Earlier this year, MARAD announced a series of Transportation Investment Generating Economic Recovery Grants, or TIGER grants, that included $30 million for what has been termed the $69.3-million California Green Trade Corridor/Marine Highway Project.  As proposed, it would link the Port of Oakland with the inland ports of West Sacramento and Stockton with a barge system that would reduce the present heavy highway congestion between Oakand and the inland ports. A second round of TIGER grants is expected later this year.    

Mike Lukens, director of the Port of West Sacramento, commented “we first need to develop a memorandum of understanding between the three ports regarding the project” and noted that this initial grant is expected to be used largely for an environmental assessment and an investment in shore-side cranes and other infrastructure.

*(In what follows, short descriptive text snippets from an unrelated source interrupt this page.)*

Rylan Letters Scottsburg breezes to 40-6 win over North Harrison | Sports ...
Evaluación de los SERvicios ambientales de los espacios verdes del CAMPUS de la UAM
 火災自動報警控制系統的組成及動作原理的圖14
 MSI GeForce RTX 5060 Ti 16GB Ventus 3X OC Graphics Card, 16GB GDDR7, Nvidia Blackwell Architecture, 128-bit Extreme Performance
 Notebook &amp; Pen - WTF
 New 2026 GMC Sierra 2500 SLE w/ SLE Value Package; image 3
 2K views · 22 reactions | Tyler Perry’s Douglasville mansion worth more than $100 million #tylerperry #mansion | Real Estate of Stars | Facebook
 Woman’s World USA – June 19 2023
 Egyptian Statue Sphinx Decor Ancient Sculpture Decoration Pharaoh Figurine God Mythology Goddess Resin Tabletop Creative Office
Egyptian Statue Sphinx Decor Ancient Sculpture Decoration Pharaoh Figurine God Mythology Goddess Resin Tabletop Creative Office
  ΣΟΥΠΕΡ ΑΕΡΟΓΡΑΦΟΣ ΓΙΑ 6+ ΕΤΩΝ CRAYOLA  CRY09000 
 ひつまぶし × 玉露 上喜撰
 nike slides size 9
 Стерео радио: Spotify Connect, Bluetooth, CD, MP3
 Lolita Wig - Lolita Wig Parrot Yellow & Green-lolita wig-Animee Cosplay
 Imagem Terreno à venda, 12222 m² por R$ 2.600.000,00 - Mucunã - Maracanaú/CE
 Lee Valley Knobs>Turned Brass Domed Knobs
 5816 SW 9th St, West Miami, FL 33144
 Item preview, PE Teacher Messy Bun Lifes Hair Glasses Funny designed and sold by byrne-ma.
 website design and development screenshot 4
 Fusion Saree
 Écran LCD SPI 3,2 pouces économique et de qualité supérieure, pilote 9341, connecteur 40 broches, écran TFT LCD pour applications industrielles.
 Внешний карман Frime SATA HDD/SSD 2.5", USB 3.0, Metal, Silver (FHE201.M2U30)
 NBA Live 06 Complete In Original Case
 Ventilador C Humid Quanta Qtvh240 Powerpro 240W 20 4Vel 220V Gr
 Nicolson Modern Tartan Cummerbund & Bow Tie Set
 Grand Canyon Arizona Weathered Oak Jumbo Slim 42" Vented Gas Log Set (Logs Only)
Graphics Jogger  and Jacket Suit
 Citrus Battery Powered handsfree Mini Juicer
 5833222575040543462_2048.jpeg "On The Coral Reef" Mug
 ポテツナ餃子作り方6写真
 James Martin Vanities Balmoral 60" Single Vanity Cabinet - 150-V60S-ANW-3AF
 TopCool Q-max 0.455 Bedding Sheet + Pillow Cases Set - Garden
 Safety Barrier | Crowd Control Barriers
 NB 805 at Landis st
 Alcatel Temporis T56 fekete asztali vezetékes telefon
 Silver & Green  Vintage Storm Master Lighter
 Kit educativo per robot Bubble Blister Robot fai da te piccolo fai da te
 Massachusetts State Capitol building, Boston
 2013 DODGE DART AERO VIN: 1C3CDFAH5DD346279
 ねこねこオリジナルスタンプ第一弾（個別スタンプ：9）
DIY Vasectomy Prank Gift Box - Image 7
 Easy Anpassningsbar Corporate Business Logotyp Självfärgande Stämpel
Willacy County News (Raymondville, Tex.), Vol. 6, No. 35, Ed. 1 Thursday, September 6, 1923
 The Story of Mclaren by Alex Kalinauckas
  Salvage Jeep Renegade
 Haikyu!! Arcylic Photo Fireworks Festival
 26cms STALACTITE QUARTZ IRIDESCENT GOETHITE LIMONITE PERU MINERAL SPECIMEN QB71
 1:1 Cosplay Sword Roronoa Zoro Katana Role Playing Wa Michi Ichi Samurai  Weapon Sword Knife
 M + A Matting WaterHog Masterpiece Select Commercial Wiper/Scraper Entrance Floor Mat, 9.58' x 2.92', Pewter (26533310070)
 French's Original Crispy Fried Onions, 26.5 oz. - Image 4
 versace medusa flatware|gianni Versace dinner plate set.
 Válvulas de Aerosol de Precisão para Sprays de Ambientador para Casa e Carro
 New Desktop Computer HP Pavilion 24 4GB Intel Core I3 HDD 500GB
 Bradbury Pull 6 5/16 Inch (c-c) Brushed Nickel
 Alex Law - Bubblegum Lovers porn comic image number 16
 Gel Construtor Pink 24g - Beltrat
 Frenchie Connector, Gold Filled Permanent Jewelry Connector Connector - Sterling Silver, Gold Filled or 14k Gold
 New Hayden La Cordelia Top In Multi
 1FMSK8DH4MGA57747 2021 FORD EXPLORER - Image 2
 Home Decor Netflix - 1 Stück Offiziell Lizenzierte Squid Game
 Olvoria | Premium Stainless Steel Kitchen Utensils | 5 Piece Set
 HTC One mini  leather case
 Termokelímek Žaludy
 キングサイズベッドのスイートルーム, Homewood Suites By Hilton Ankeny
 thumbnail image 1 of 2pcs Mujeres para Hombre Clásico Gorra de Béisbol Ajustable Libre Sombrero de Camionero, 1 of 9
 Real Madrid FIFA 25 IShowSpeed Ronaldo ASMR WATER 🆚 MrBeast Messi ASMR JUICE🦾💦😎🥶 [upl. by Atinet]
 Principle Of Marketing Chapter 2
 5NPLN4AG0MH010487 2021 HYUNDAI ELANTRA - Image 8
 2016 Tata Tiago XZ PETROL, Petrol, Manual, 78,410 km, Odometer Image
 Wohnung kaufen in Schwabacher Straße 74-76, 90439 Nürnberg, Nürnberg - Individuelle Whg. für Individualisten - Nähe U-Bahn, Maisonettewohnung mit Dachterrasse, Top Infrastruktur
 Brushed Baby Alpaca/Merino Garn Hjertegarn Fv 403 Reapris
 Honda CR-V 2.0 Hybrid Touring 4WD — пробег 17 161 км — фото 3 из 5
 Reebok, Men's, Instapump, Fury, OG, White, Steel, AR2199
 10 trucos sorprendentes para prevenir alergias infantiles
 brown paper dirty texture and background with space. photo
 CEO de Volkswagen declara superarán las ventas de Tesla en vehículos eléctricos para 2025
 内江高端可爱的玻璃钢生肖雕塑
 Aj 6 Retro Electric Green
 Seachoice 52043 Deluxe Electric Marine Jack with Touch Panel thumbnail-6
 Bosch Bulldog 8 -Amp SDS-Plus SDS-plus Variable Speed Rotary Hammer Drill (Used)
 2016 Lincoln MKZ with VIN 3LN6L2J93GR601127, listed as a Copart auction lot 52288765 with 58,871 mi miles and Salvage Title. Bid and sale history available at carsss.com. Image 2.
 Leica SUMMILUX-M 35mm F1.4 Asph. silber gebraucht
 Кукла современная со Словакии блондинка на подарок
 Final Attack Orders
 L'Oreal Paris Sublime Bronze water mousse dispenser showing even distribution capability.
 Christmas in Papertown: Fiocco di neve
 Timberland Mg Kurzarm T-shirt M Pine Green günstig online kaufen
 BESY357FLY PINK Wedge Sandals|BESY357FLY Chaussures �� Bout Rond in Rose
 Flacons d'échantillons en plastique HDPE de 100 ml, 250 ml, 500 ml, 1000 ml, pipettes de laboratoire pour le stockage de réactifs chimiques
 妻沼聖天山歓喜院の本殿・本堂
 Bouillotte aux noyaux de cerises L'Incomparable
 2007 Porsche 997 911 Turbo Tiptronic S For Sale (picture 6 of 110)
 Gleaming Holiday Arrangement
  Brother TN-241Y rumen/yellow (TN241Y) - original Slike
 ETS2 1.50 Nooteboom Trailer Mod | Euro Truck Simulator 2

Bill Lewicki, marketing director for the Port of Stockton, noted that the Green Trade Corridor program could develop into a lot more than a barging program between the inland ports and Oakland.   He commented that, “Right now we can barge to Portland-Seattle or to Los Angeles-Long Beach and that is where the future is looking.”

Both ports noted that the Denver-based shortline-railroad investing firm, Broe Group, had been in contact with them.  Earlier this year, it was reported that the Broe had established a firm called Eco-Transport, a short-sea shipping venture that, according to its website, “moves your containers on barges between the Ports of Oakland and Stockton.”  The Port of Oakland declined to comment.